I open my sweater under my coat. Even better. There’s that open tall can of Heineken in my hand too. The streets are empty. I’m singing again. Or maybe the whole time.
I’m singing because I’m really happy. We are walking toward our new house. I’ve never owned a house before. I don’t really own one now but it’s the closest I’ve got to it. My boyfriend owns it and I’m going to be living with him.
This is why I’m happy.
I have a few more cans in the diaper bag, enough to last me until we get to the new house. This is also why I’m happy.
The snow is getting bigger, thicker, there’s more and more of it, coming down from the sky and blowing at me from the sides. I hear my phone ringing somewhere on the bottom of my purse.
I have to stop singing because it’s hard to in this wind, but I remain happy. I’m pushing the stroller through all this windy whiteness, and in my head I count the cans in the diaper bag: There should be four left. With this open one it’s four and a half, although more like four and one-third.
Then we are a little bit lost or maybe a little bit closer to our goal. Who can tell? The goal, the new house, is somewhere to our left; we should be turning at some point. The phone rings and I almost answer and consider asking my boyfriend if he could tell me where we are.
It is snowing even more now, so I stop and secure the plastic stroller cover over the stroller. I close it tight to make sure the baby is okay in there, dry and warm.
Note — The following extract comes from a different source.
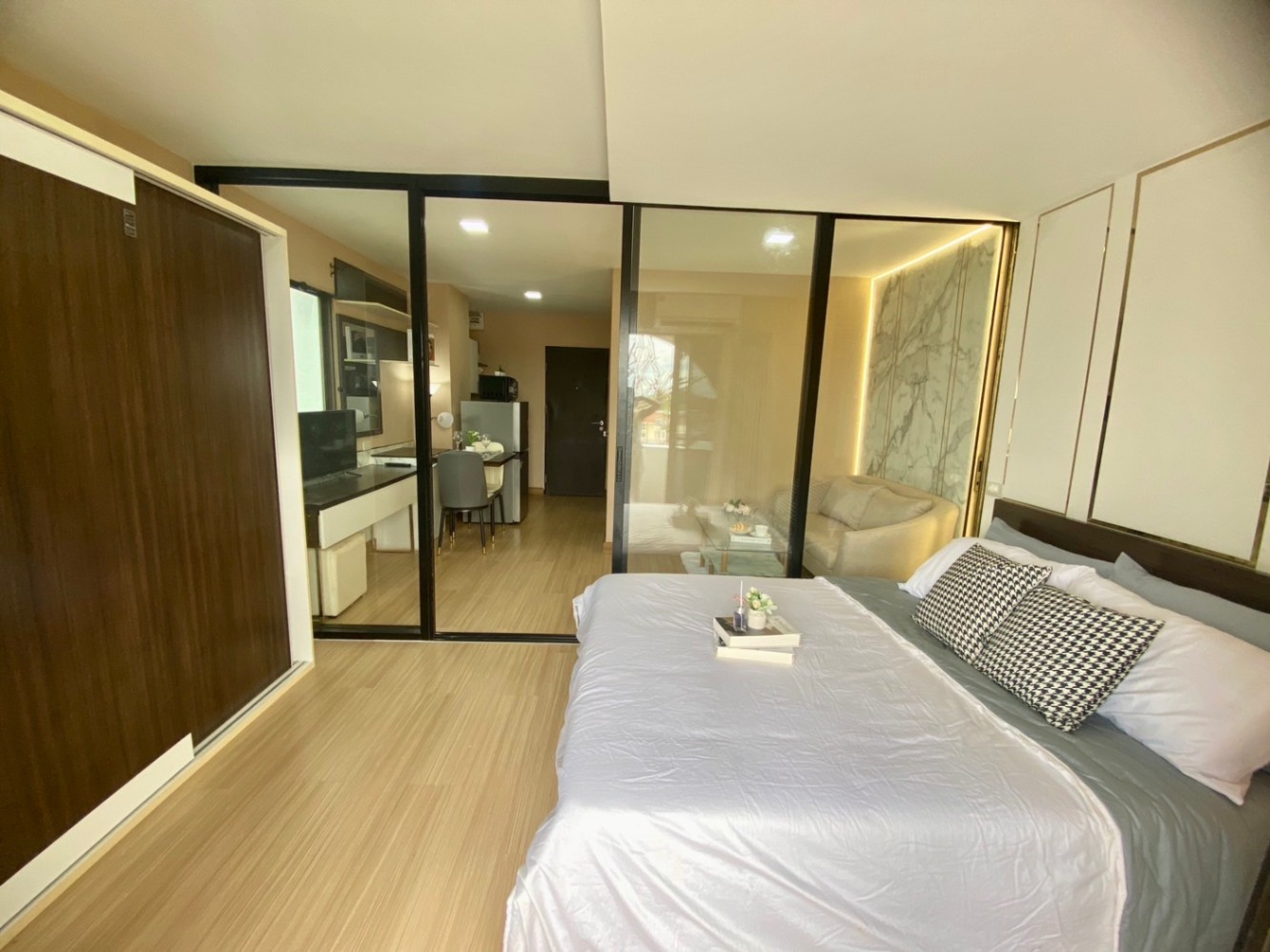 Sereno Airport Condominium - Image 5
I have some trouble moving my right hand. It seems to be frozen around the can. I have no way to unbend all the fingers. I’ll unbend them later. For now, I stick the hand with the empty can in my coat pocket to warm it up.
The good thing about all this snow is that you can hide things in it so easily. My warmed-up hand lets go, I drop the empty can, kick some white over it; it’s gone. Nobody sees it. Nobody is out in this weather. Except for me—the happy woman with the stroller.
Eventually, we stop at a laundromat. There’s a man inside and he grunts in response to my request to let us sit down and rest. Through the plastic I see that the baby is asleep inside his cozy fish tank on wheels.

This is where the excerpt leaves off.